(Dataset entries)
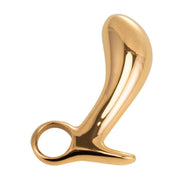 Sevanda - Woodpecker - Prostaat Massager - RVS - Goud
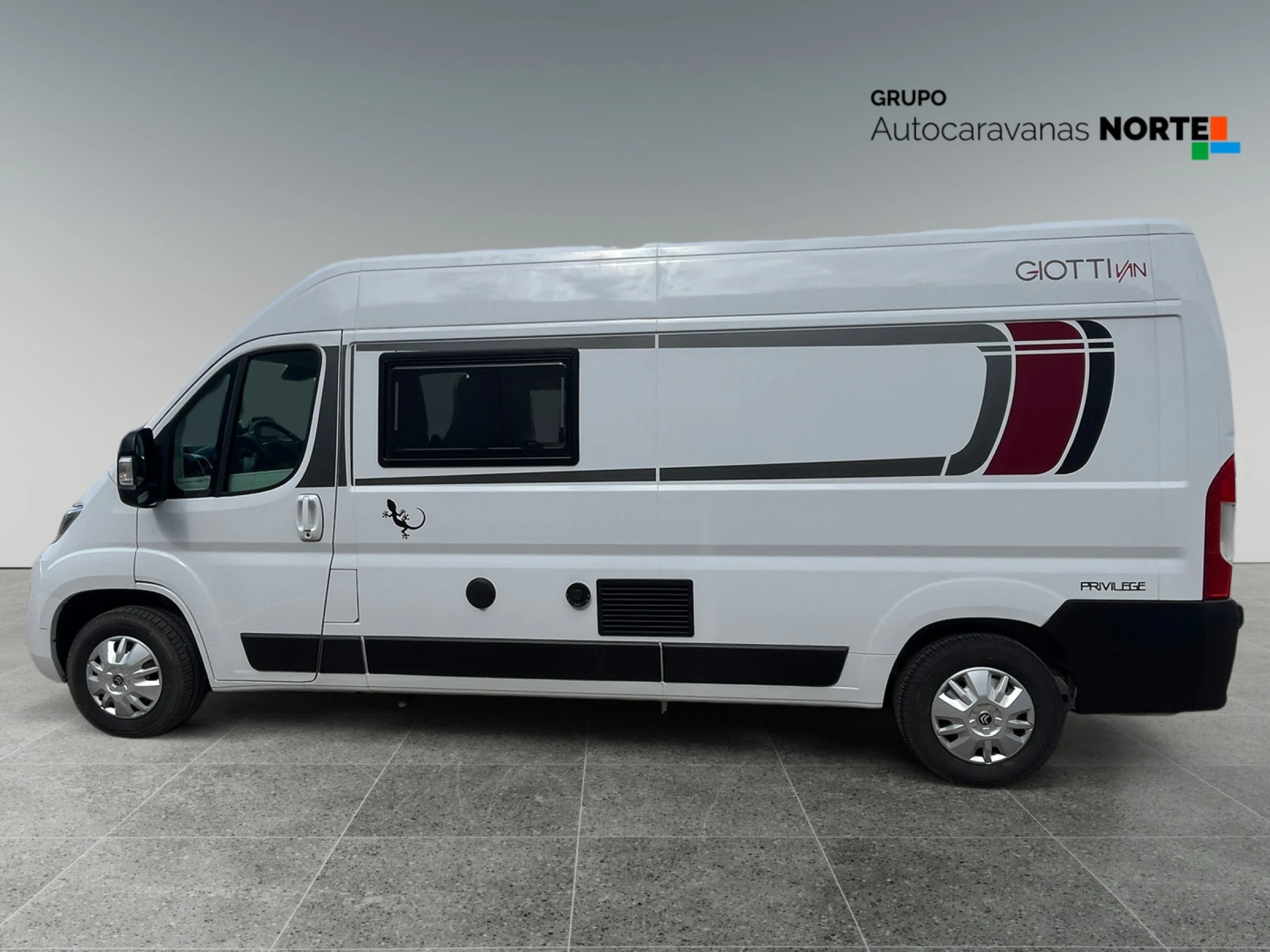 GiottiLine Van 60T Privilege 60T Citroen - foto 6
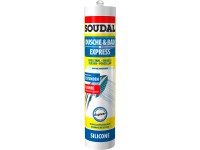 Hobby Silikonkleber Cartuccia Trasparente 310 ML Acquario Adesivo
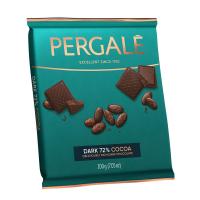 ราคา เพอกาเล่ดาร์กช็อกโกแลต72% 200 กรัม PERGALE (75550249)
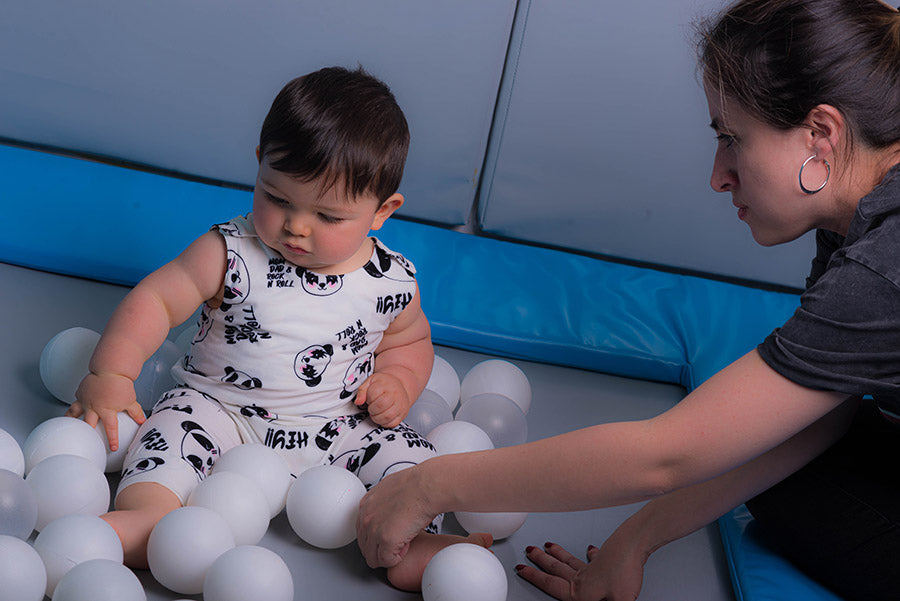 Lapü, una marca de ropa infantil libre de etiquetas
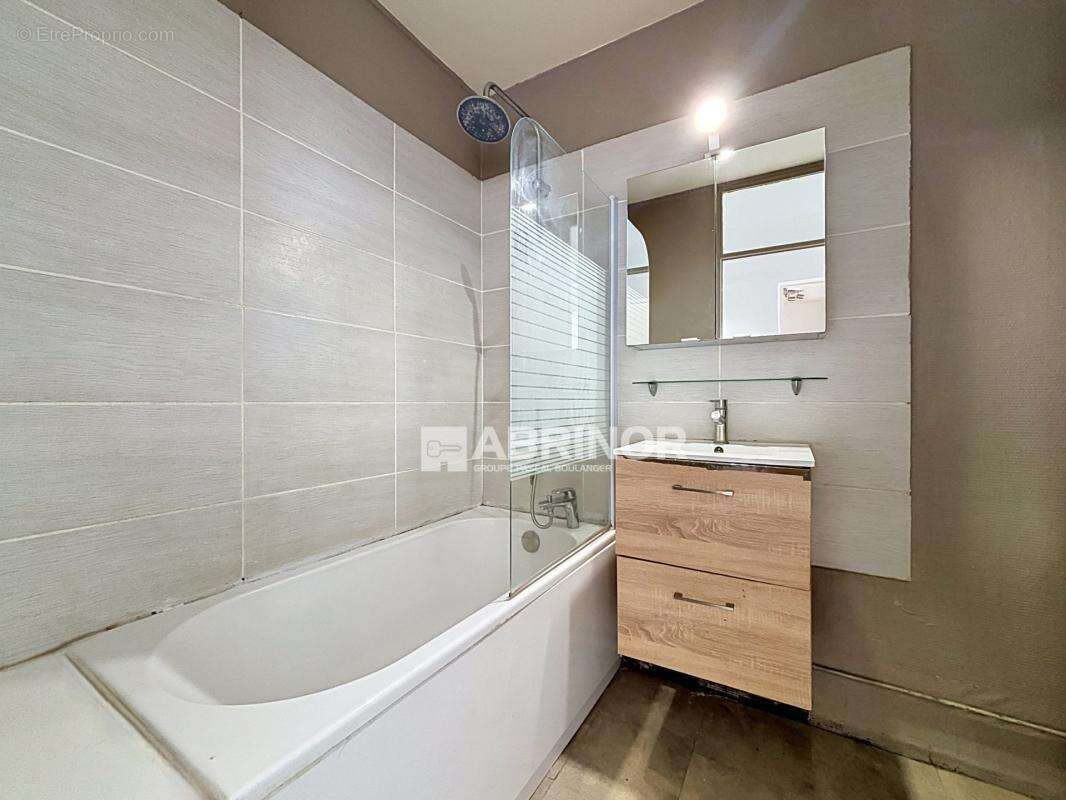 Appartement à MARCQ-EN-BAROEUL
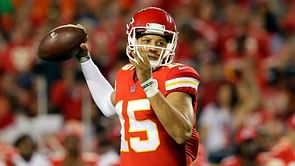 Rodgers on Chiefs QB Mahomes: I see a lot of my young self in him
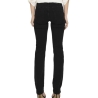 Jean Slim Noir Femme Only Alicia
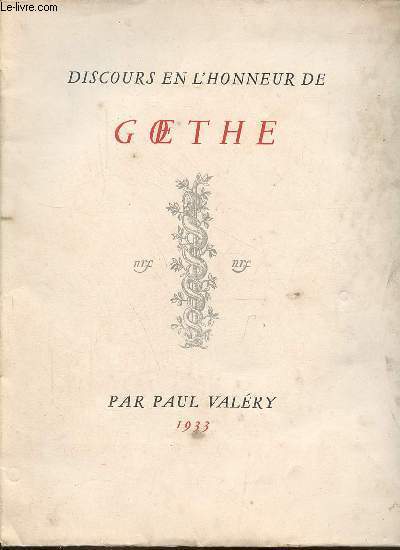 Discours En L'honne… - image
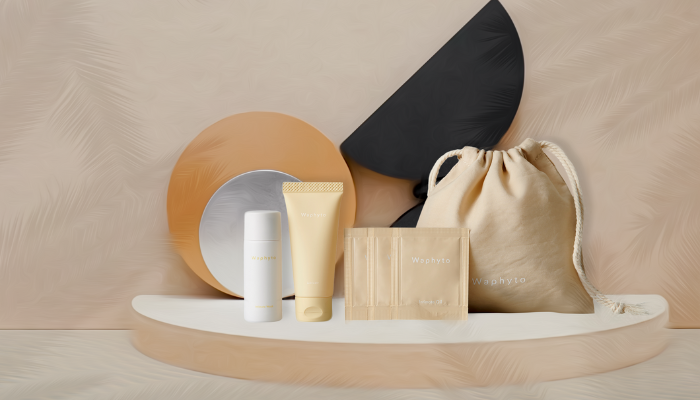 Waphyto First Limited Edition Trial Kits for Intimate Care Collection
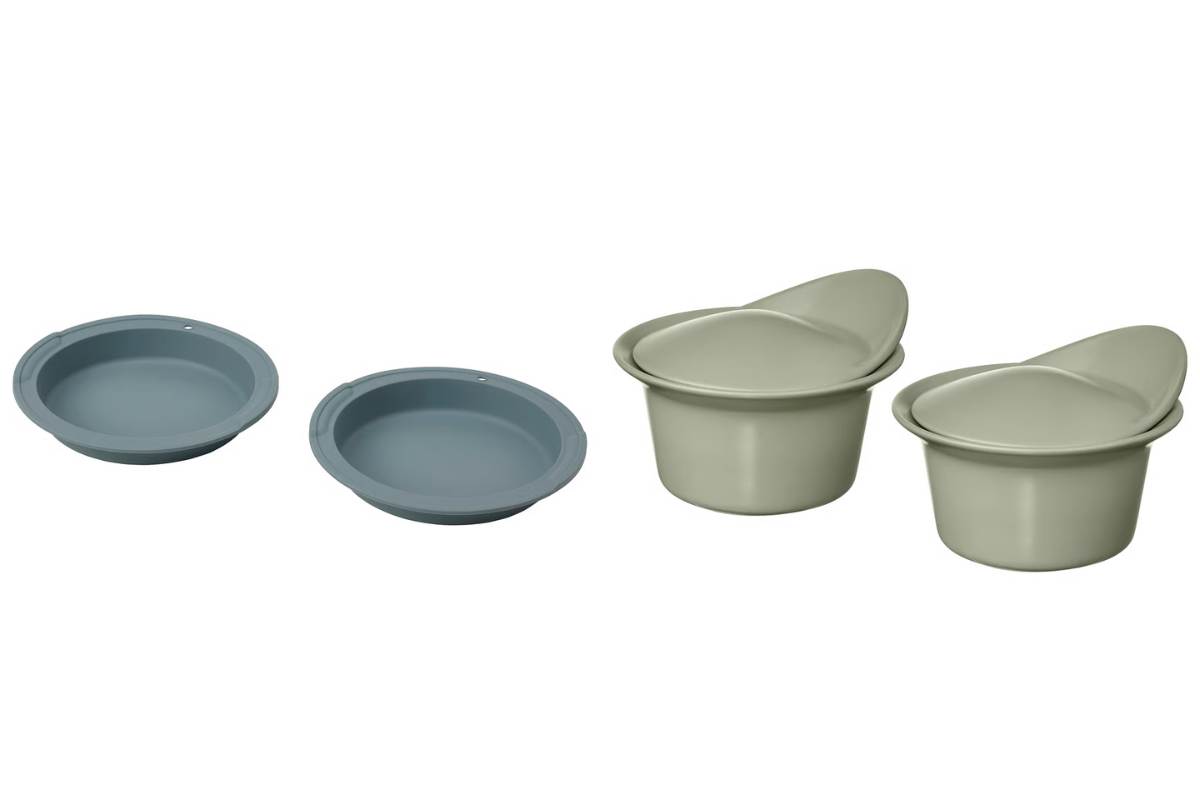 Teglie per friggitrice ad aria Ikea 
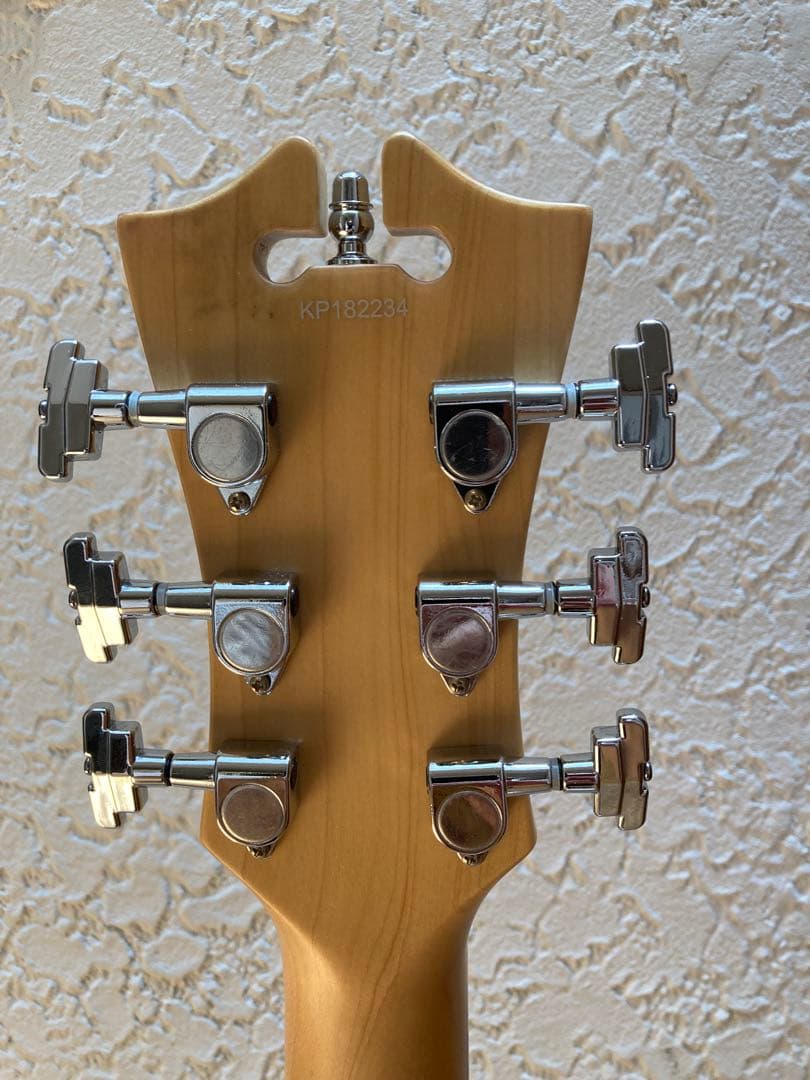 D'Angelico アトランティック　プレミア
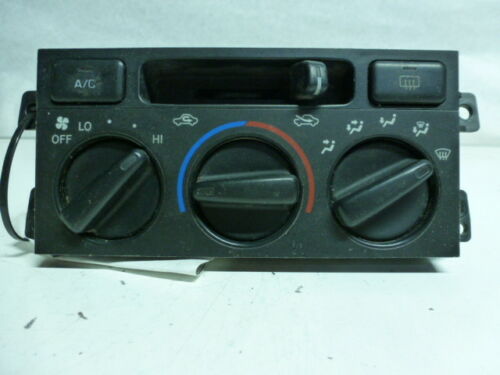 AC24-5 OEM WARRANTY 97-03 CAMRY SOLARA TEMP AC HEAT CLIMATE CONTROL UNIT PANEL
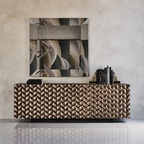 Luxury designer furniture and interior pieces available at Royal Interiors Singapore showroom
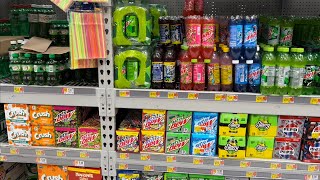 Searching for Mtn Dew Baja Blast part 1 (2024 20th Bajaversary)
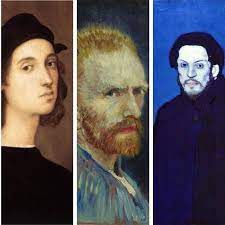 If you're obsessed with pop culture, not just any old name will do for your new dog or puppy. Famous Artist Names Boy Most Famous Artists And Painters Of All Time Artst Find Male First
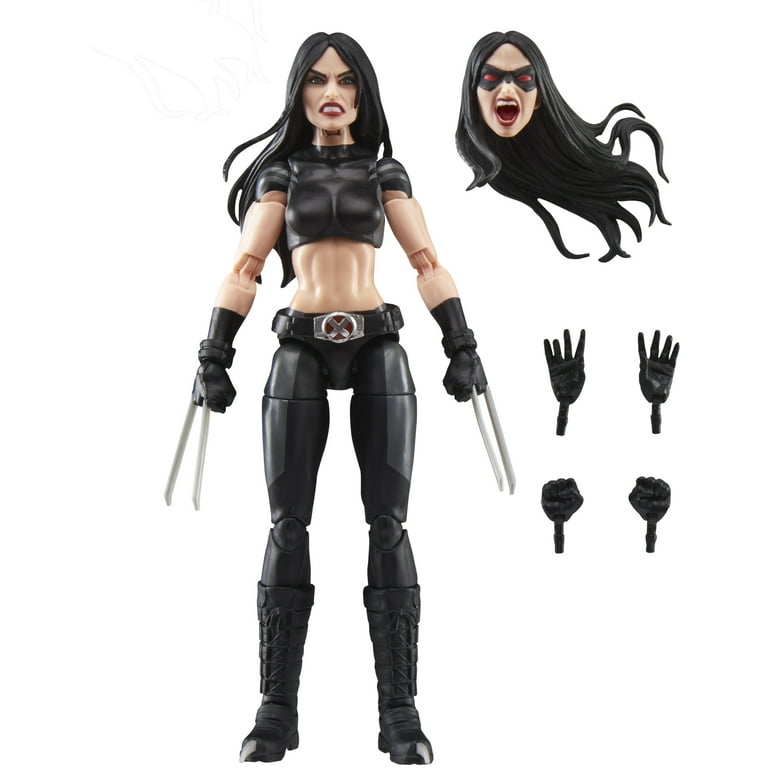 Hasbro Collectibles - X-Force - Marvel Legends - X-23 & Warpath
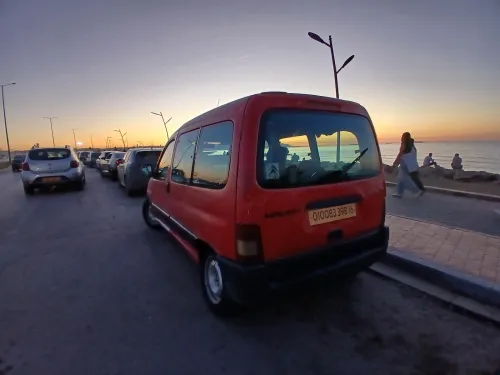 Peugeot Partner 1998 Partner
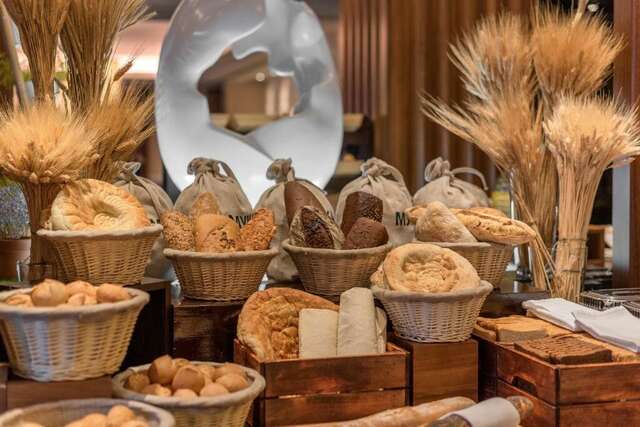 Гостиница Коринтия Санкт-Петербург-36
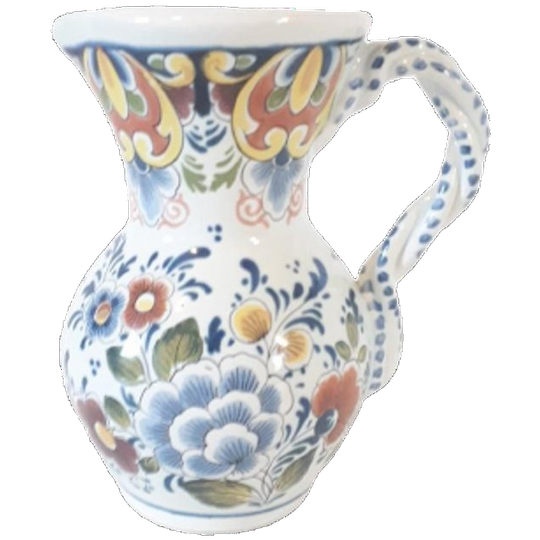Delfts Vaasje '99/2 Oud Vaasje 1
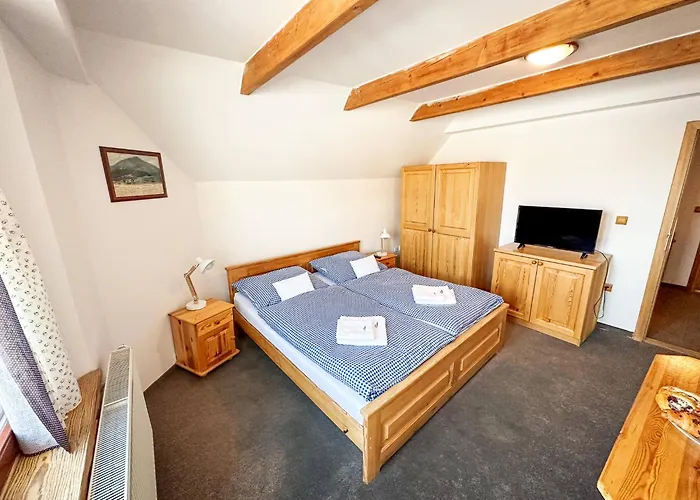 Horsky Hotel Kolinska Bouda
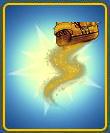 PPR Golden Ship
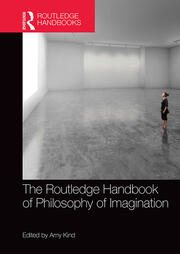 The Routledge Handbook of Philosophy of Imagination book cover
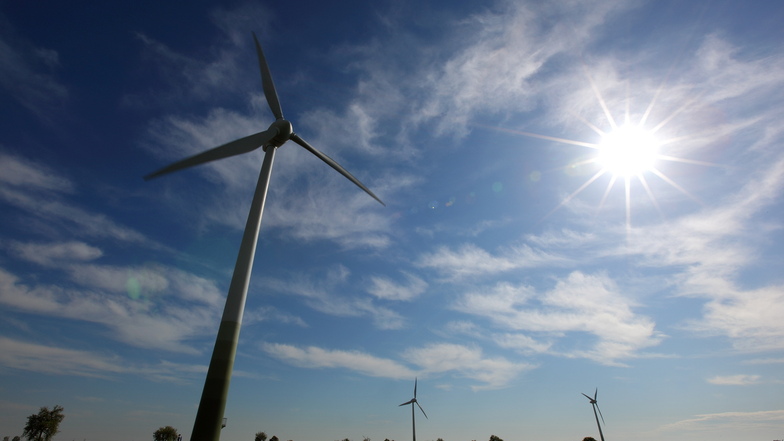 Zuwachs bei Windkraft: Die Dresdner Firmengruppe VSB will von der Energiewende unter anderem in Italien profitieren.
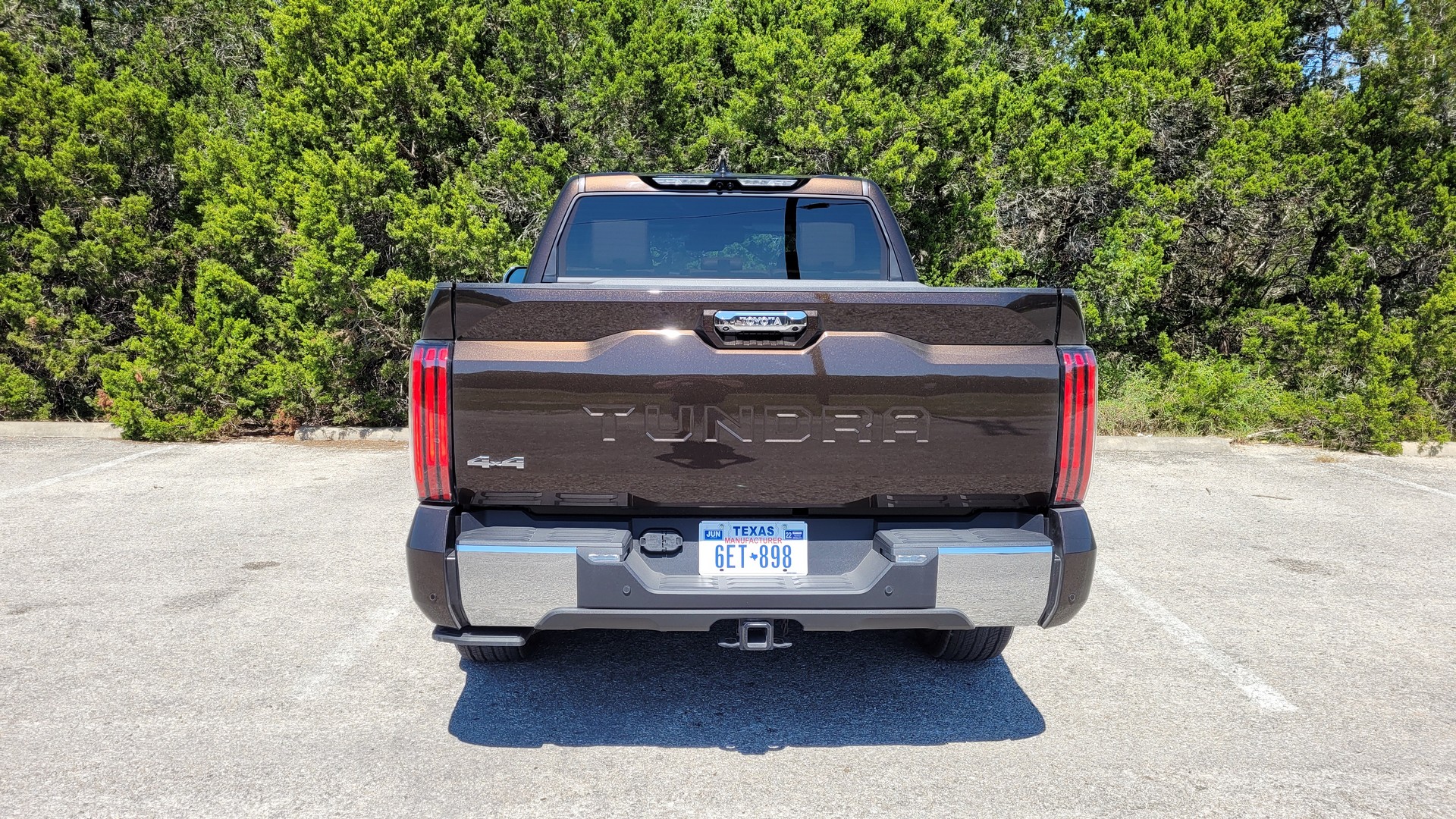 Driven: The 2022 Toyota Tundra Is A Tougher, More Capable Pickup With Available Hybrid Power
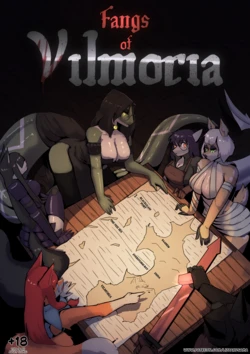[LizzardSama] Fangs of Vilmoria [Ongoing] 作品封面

**Work required:** Set the pictures aside and restate word for word only the lines from the line containing "Hasbro Collectibles - X-Force" through the end of the entries above, both included.

**Output of the task:**
 Hasbro Collectibles - X-Force - Marvel Legends - X-23 & Warpath
 Peugeot Partner 1998 Partner
 Гостиница Коринтия Санкт-Петербург-36
Delfts Vaasje '99/2 Oud Vaasje 1
 Horsky Hotel Kolinska Bouda
 PPR Golden Ship
 The Routledge Handbook of Philosophy of Imagination book cover
 Zuwachs bei Windkraft: Die Dresdner Firmengruppe VSB will von der Energiewende unter anderem in Italien profitieren.
 Driven: The 2022 Toyota Tundra Is A Tougher, More Capable Pickup With Available Hybrid Power
[LizzardSama] Fangs of Vilmoria [Ongoing] 作品封面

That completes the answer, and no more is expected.